Maria Beatriz is the 31-year-old mother of five children. She, along with 12 other women, meet each month with their Trust Bank and a Friendship Bridge Loan Officer. During their meetings, they may make payments on their loans and participate in educational training on subjects like business administration and indebtedness, money management and savings, women’s health and family planning as well as self-esteem.
Maria Beatriz is an enterprizing merchant who purchases and sells potatoes on a daily basis. In the afternoon, she cleans houses. She is motivated to work hard because she wants her children to be successful in the future. She realizes that the key to success is education. Four of her children are in elementary school and the fifth one is in kindergarten. Currently, Maria Beatriz is starting her third loan cycle with Friendship Bridge. Her loan of $385 will help to launch her newest business endeavor which will be a “tortilleria” where she will make and sell tortillas. She plans to buy corn in bulk. Maria Beatriz looks forward to increased profits so that she will be able to purchase better food which in turn will lead to better health for her family.
The Trust Bank, “Carino”, appreciates the support and confidence of Kiva investors throughout the world. Because of these small loans, these women have a way to generate income, working with their husbands to support their families. For women who are single, divorced or widowed, the loans are essential.

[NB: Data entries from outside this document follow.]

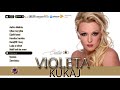 Violeta Kukaj Retkoceri - Prizreni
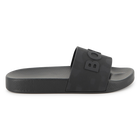 Signed slides BOSS 
                    BOY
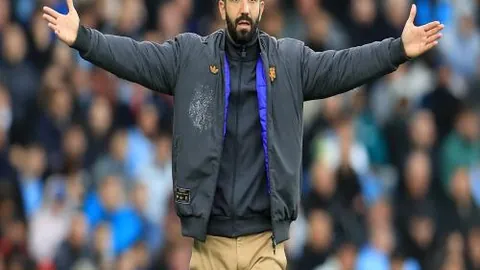 美高梅(MGM)最新官方网站 产品 110337 nx8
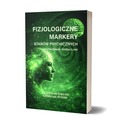 Fizjologiczne markery stanów psychicznych...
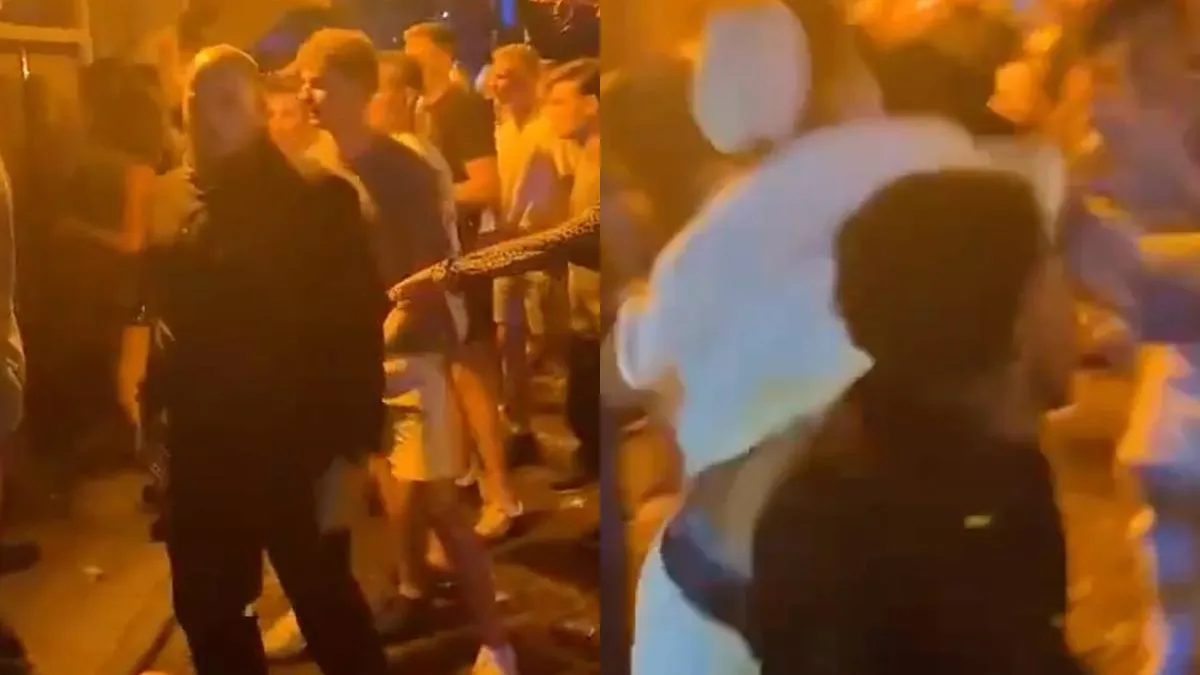 thumb_vk_Gezelligheid_op_de_kermis_van_Volendam_Alhoewel_gezelligheid_gewoon_lekker_rammen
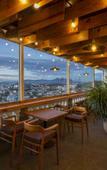 Туры в отель New Life Hotel Da Lat Туры в отель New Life Hotel Da Lat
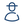 Farmer Icon Blue.png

It is a true win-win situation which improves the lives of families and the well-being of their community.
About Friendship BridgeThis loan is administered by Friendship Bridge (FB), a nonprofit, nongovernmental organization that empowers thousands of impoverished Guatemalan women through its Microcredit Plus program. The program combines small loans averaging US$350 for four-to-twelve month loan terms with non-formal, participatory education.
As FB clients, women start, expand, or diversify their businesses and learn practical lessons on topics including business, health, and self-esteem. FB’s clients borrow as a group, forming Trust Banks (groups of 7-25 women who serve as co-guarantors of the loan and act as a self-regulating support network).
This is a Group Loan
In a group loan, each member of the group receives an individual loan but is part of a larger group of individuals. The group is there to provide support to the members and to provide a system of peer pressure, but groups may or may not be formally bound by a group guarantee. In cases where there is a group guarantee, members of the group are responsible for paying back the loans of their fellow group members in the case of delinquency or default.
Kiva's Field Partners typically feature one borrower from a group. The loan description, sector, and other attributes for a group loan profile are determined by the featured borrower's loan. The other members of the group are not required to use their loans for the same purpose.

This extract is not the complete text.